Use Queues to optimize processing

Queues are used in this pattern to list the work that remains to be done. The worker roles will poll the queue and then process the input files based on the messages in the queue. The messages will be deleted by the worker role only after it has written to the output file.

In general, use one queue and multiple processors to achieve highest throughput is an efficient way to process multiple requests.

Asynchronous Processing

This loosely-coupled pattern helps with both contention and scale-out of resources. In our case the reading and writing are done by worker roles who are not dependent on each other as well as on the order of processing. They will process the work from the queue and update the queue

Resiliency

All of the data in Azure gets stored in at least 3 copies (For local redundant storage) and 6 copies across two datacenters (for Geo-Redundant storage). This assures that we will not lose either the input or output in event of a disaster.

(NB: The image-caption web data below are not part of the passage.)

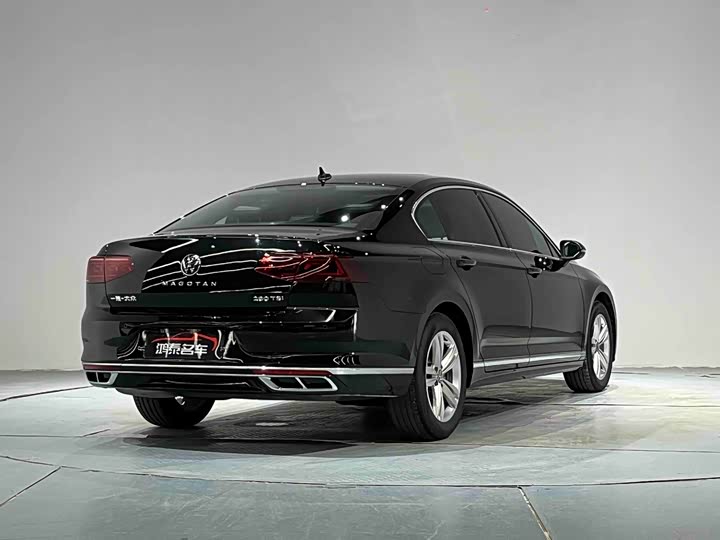 Фото 14 - Volkswagen Magotan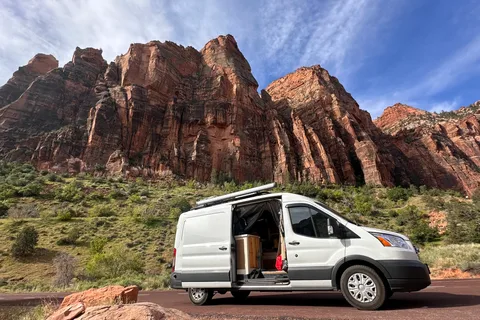 Frank's Ford Transit 250 Campervan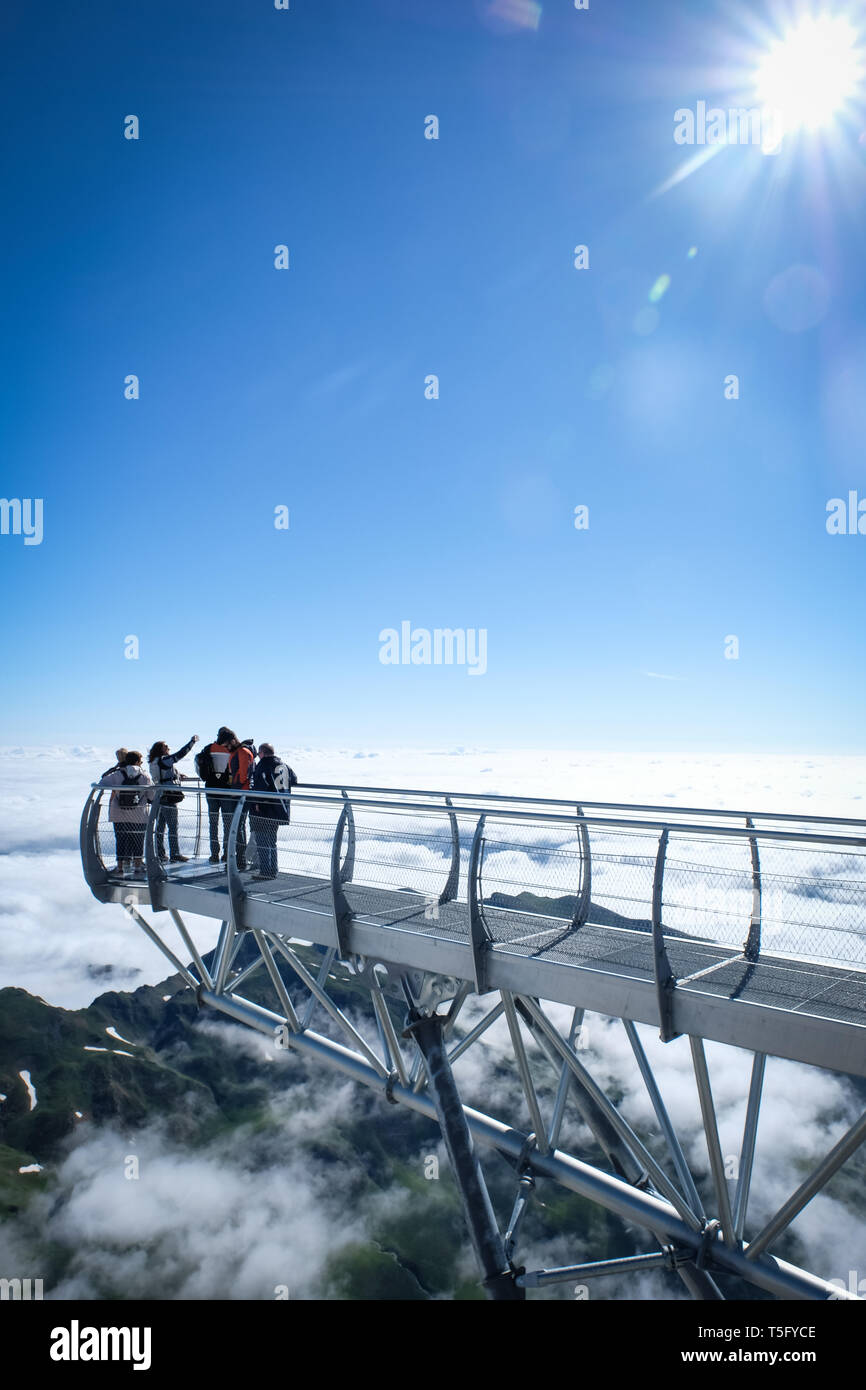 LA MONGIE, Frankreich - Juli 06: Touristen an der Blickrichtung vom Ponton dans le ciel des Pic du Midi Sternwarte, Royal, La Mongie, Frankreich Stockfoto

If any role goes down, the message in the queue doesn’t get deleted and it will be picked up by the other instances as a part of the next batch of messages.

Further customization for optimizing a specific workload

Our current project was a Proof of Concept. For real applications there are multiple customizations which would need to be done to fit their specific requirements.

Batch Size

In our implementation we processed messages in batches of 10. This has a direct impact on memory as well as processing time for an instance. Too few batch sizes would increase the impact of the time to retrieve & process a message, and too large batch size would potentially starve other role instances.

Memory used

If the actual business logic in the worker role is dependent on memory, then the code will need to change to accommodate that. This could be implemented by reducing batch size, processing tags in a different way.

Tag compression and decompression

Our input data as well as the output data is the simplest implementation of streaming sensor data. Almost all of the available sensor data collection systems utilize some compression. The compression can be significant if the data doesn’t change that often. This can be leveraged to project an even higher number of tags per second.

Tenant prioritization

Currently we treat all tenants (represented as Datasets) equally. This could be easily modified to prioritize tenants or a set of tenants.